■ WORK TO COMPLETE
Pictures aside, copy every record word for word.

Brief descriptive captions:

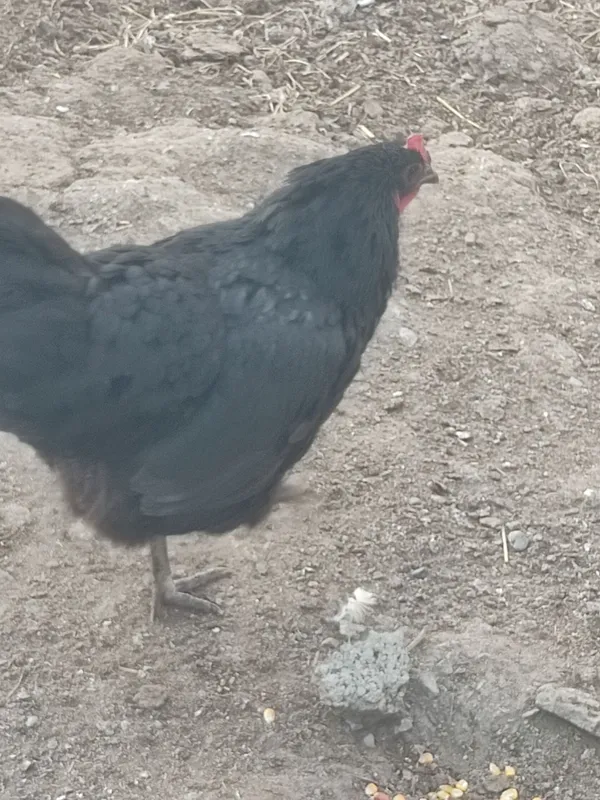 Kuruk tovuq sotiladi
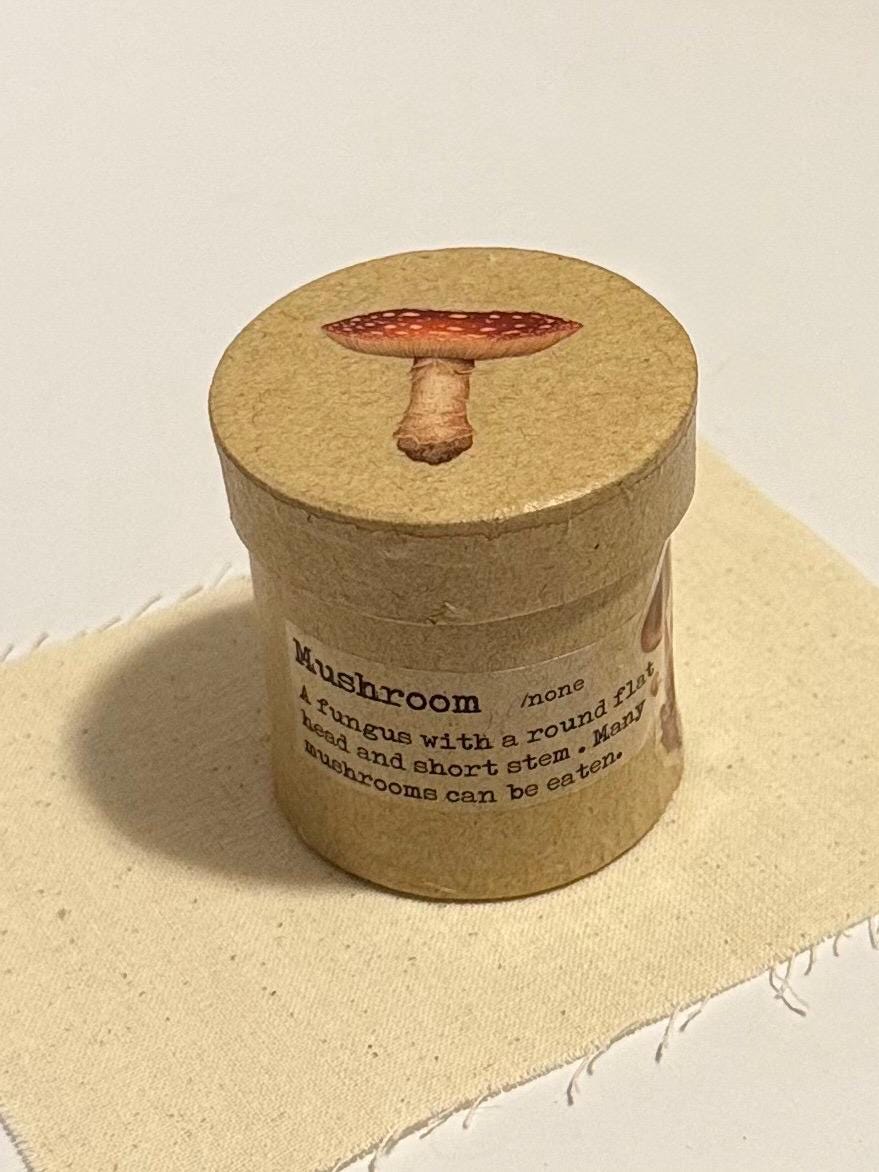 Miniature Mushroom Theme Paper Mache Gift Box with Gnome and mini bird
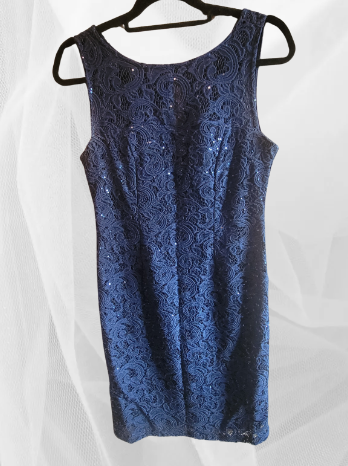 Scarlett Formal Navy Blue Lace Dress Women's Size 6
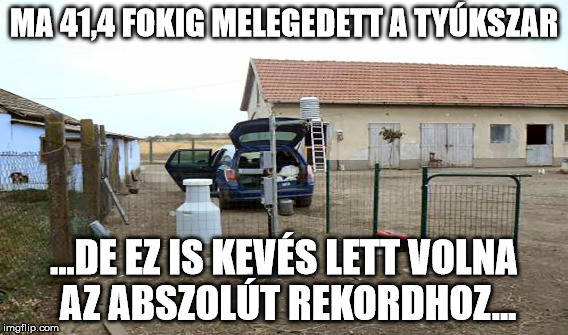 beillesztett kép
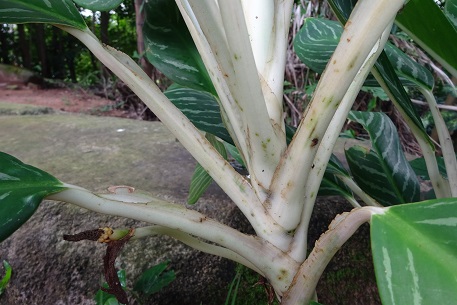 Aglaonema nitidum — photograph 3 of 8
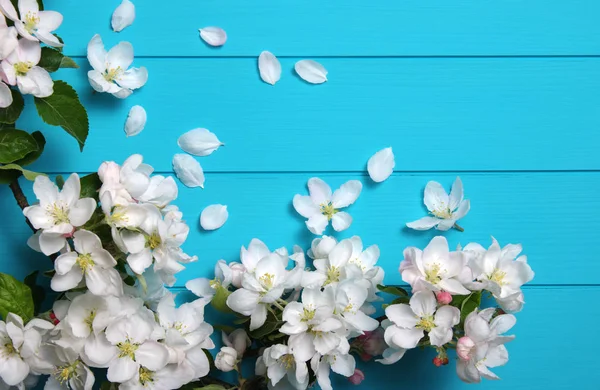 Primavera ramo de floração no fundo de madeira . — Fotografia de Stock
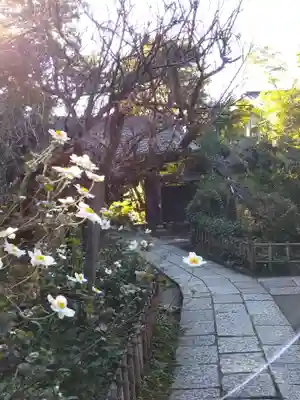 黄梅院(円覚寺塔頭)(神奈川県)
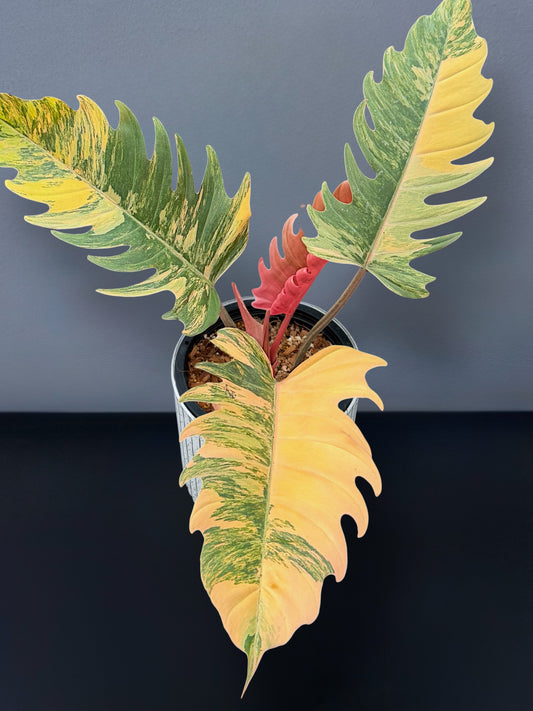 Philodendron Caramel Marble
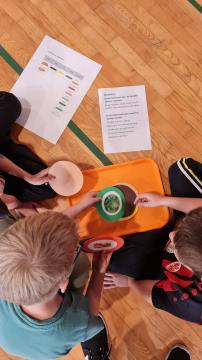 447242996_1043101327361184_154460638752140454_n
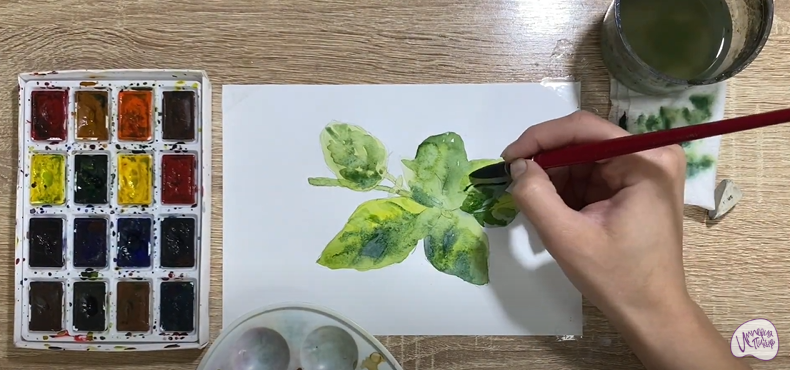 Рисуем Базилик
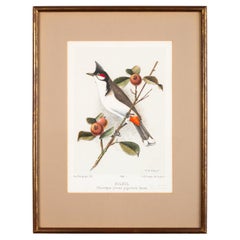 French Chromolithograph of the 'Bulbul' Bird by J.M. Vinson 1985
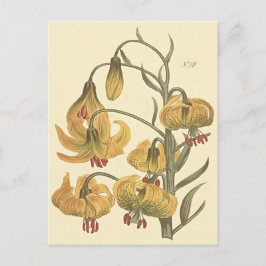 Orange Pompone-Lilja Botanisk Illustration Vykort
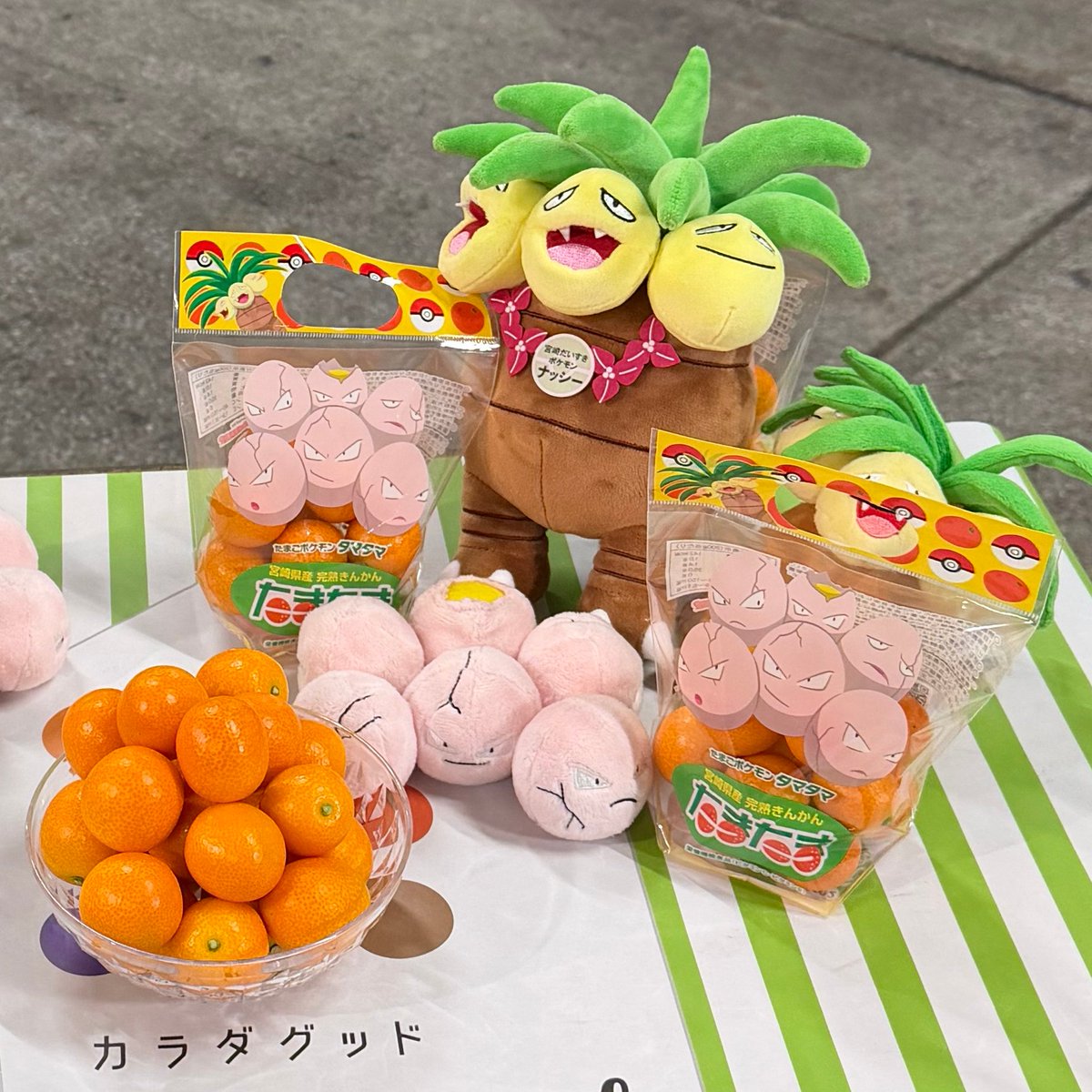 また今年も！ 完熟きんかん「たまたま」と『宮崎だいすきポケモン』の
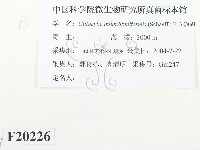 館號:F0020226藏品圖，第2張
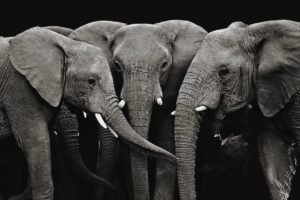 Framed 3 Elephants Picture with black background wall art, poster and canvas print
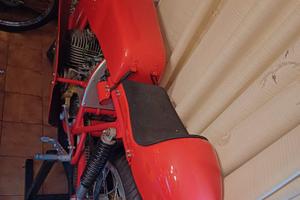 Benelli Competizione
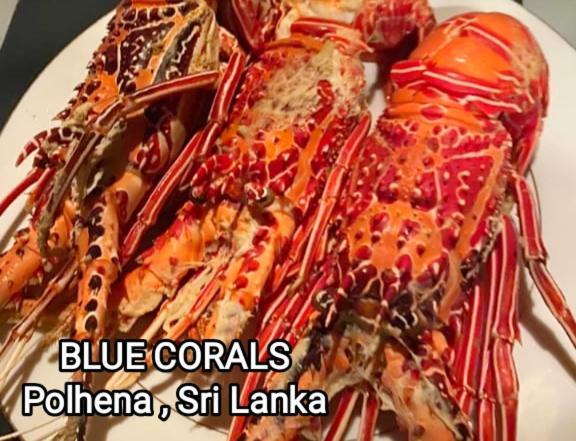 Blue Corals Beach Bungalow Matara Exteriör bild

■ WRITTEN RESPONSE
 Kuruk tovuq sotiladi
 Miniature Mushroom Theme Paper Mache Gift Box with Gnome and mini bird
 Scarlett Formal Navy Blue Lace Dress Women's Size 6
 beillesztett kép
 Aglaonema nitidum — photograph 3 of 8
 Primavera ramo de floração no fundo de madeira . — Fotografia de Stock
 黄梅院(円覚寺塔頭)(神奈川県)
 Philodendron Caramel Marble
 447242996_1043101327361184_154460638752140454_n
 Рисуем Базилик
 French Chromolithograph of the 'Bulbul' Bird by J.M. Vinson 1985
 Orange Pompone-Lilja Botanisk Illustration Vykort
 また今年も！ 完熟きんかん「たまたま」と『宮崎だいすきポケモン』の
 館號:F0020226藏品圖，第2張
 Framed 3 Elephants Picture with black background wall art, poster and canvas print
 Benelli Competizione
 Blue Corals Beach Bungalow Matara Exteriör bild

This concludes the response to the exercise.